Le mois suivant, la Cour fédérale a de son côté invalidé la désignation par Ottawa des produits manufacturés de plastique comme étant des «substances toxiques» en vertu de la Loi canadienne sur la protection de l’environnement. Le tribunal a conclu que la catégorie des produits manufacturés de plastique était trop large pour une seule désignation. Mais le jugement touchait aussi à une certaine répartition des pouvoirs entre le fédéral et les provinces.

«Nos tribunaux nous ont dit que le gouvernement fédéral pouvait certes intervenir en matière de pollution, y compris la pollution climatique, mais qu’il fallait faire très attention à ne pas empiéter sur les compétences provinciales», a déclaré M. Guilbeault.

«(Cela) signifie que nous devons nous assurer que notre réglementation fait exactement cela: qu’elle s’attaque à la pollution sans empiéter sur les champs de compétence des provinces. Et c’est pour ça que ça prend un peu plus de temps que ce que nous avions peut-être initialement prévu.»

Pas de projet de règlement avant 2024

M. Guilbeault a déclaré vendredi qu’il avait espéré que tout soit fait plus tôt. Lors des négociations de la COP27 en Égypte, l’année dernière, il avait déclaré qu’un projet de règlement pourrait être prêt au printemps 2023 et que les versions définitives arriveraient d’ici la fin de cette année.

Depuis, le gouvernement a changé de discours. Il a commencé par dire qu’un «cadre» pour le plafond serait mis en place d’ici la fin de cette année. M. Guilbeault a déclaré vendredi que ce cadre indiquerait à quoi seront fixés les plafonds d’émissions et comment l’industrie pourra les respecter.

Le projet de règlement proprement dit n’est donc pas attendu avant 2024. Or, M. Guilbeault déclarait en septembre qu’il faudrait encore au moins un an après la publication du projet de règlement pour que les plafonds commencent à s’appliquer dans l’industrie.

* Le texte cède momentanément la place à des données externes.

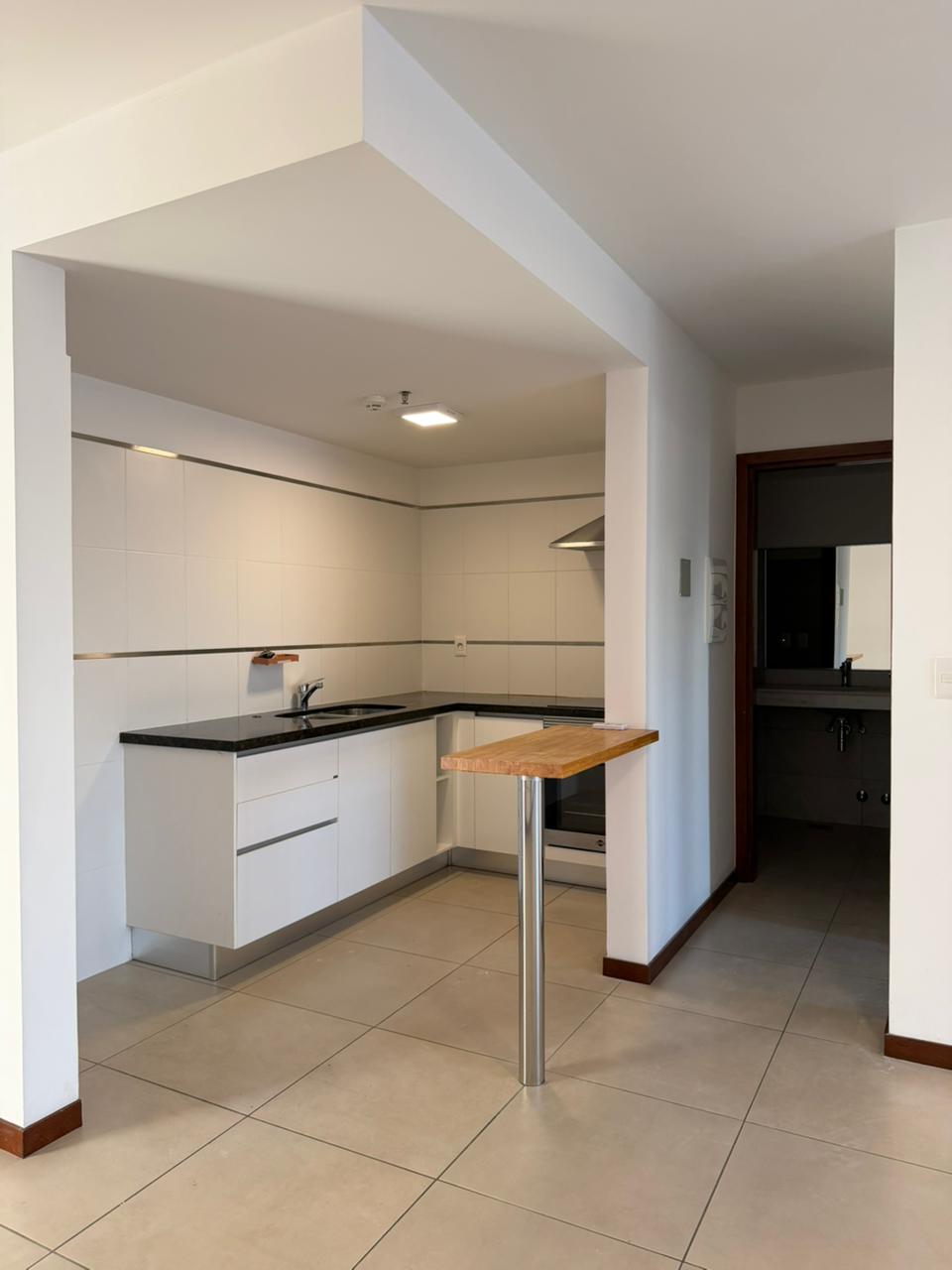 ALQUILER DE DEPARTAMENTO EN EDIFICIO MANANTIALES URBANO — foto 3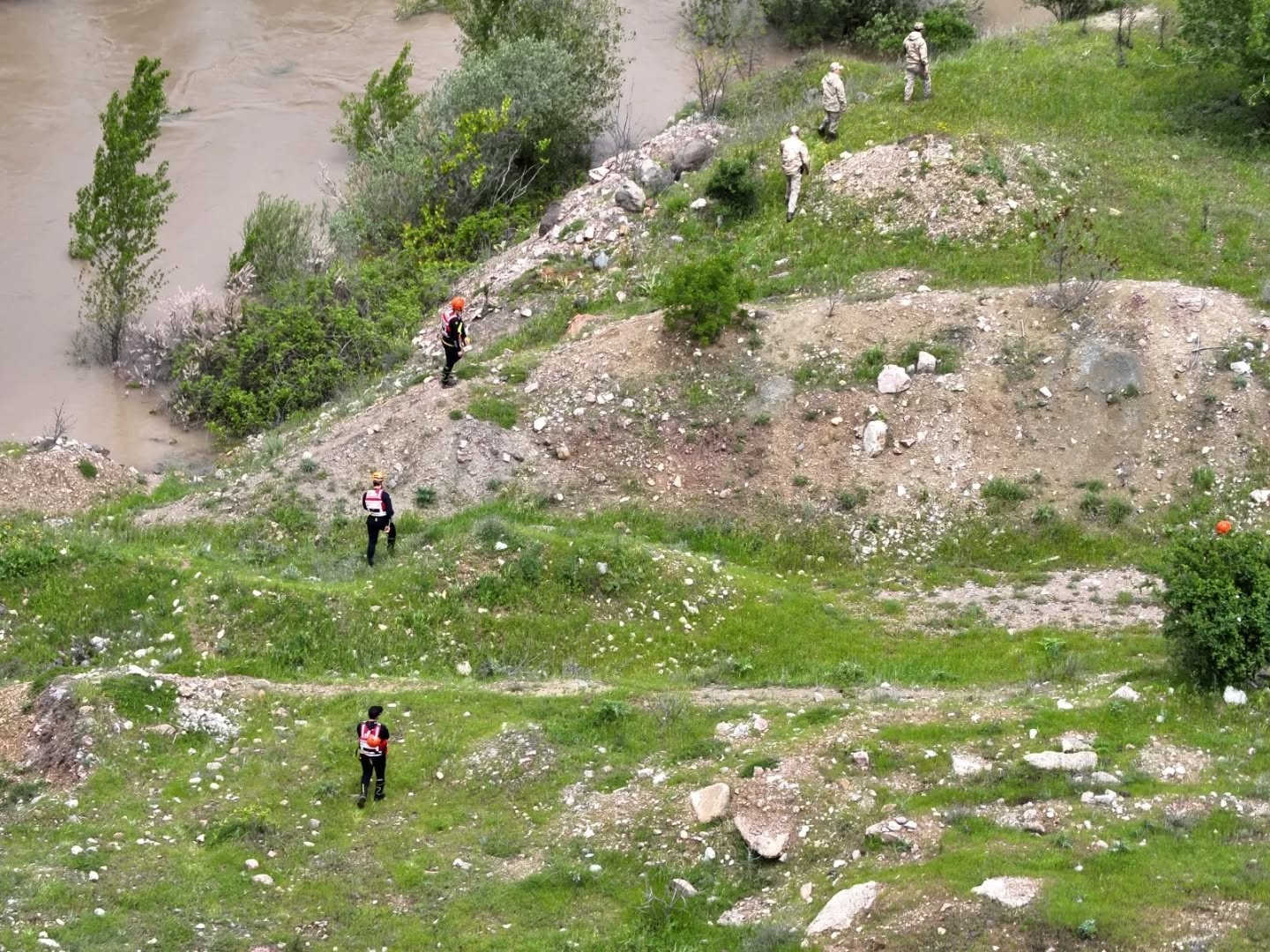 Kaza sonrası çaya düştüğü değerlendirilen Esma Nur’u arama çalışmaları 3'üncü gününde - Görsel 4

Dans leur plateforme électorale de 2021, les libéraux promettaient de plafonner les émissions liées à la production pétrolière et gazière aux niveaux «actuels», mais ils n’ont jamais précisé où commencerait ce plafond ni jusqu’où il devrait descendre.

Le plan de réduction des émissions de l’année dernière, qui est la dernière feuille de route pour atteindre les objectifs du Canada d’ici 2030, prévoit que les émissions de pétrole et de gaz diminuent de 42 % par rapport aux niveaux de 2021. Mais le gouvernement avait déclaré à l’époque que ce n’était pas nécessairement le plafond.

L’industrie a déclaré à plusieurs reprises qu’elle ne pouvait pas atteindre cet objectif sans réduire la production, et la première ministre de l’Alberta, Danielle Smith, a déclaré qu’elle contesterait tout plafond d’émissions imposé au secteur.

Mme Smith et M. Guilbeault, qui se sont affrontés à plusieurs reprises ces derniers mois, devraient se rencontrer en personne à Dubaï.

M. Guilbeault a déclaré vendredi que des réglementations visant à réduire les émissions de méthane du secteur pétrolier et gazier pourraient également être adoptées lors de cette COP28. Le Canada a mis en place une réglementation sur le méthane qui prévoit une réduction de 40 à 45 % des émissions provenant de la production pétrolière et gazière d’ici 2030, mais Ottawa a l’intention de porter cette réduction à 75 %.

Le ministre a déclaré que cette politique à elle seule jouerait un rôle énorme dans la réduction des émissions globales de pétrole et de gaz. «Collectivement, à l’échelle mondiale, si nous sommes ambitieux dans nos efforts pour lutter contre les émissions de méthane, nous pourrions réduire de près de 1°C le réchauffement potentiel d’ici 2100», a-t-il déclaré. 

«C’est énorme. Et nous avons la technologie pour le faire, et il y a une véritable volonté mondiale pour le faire.»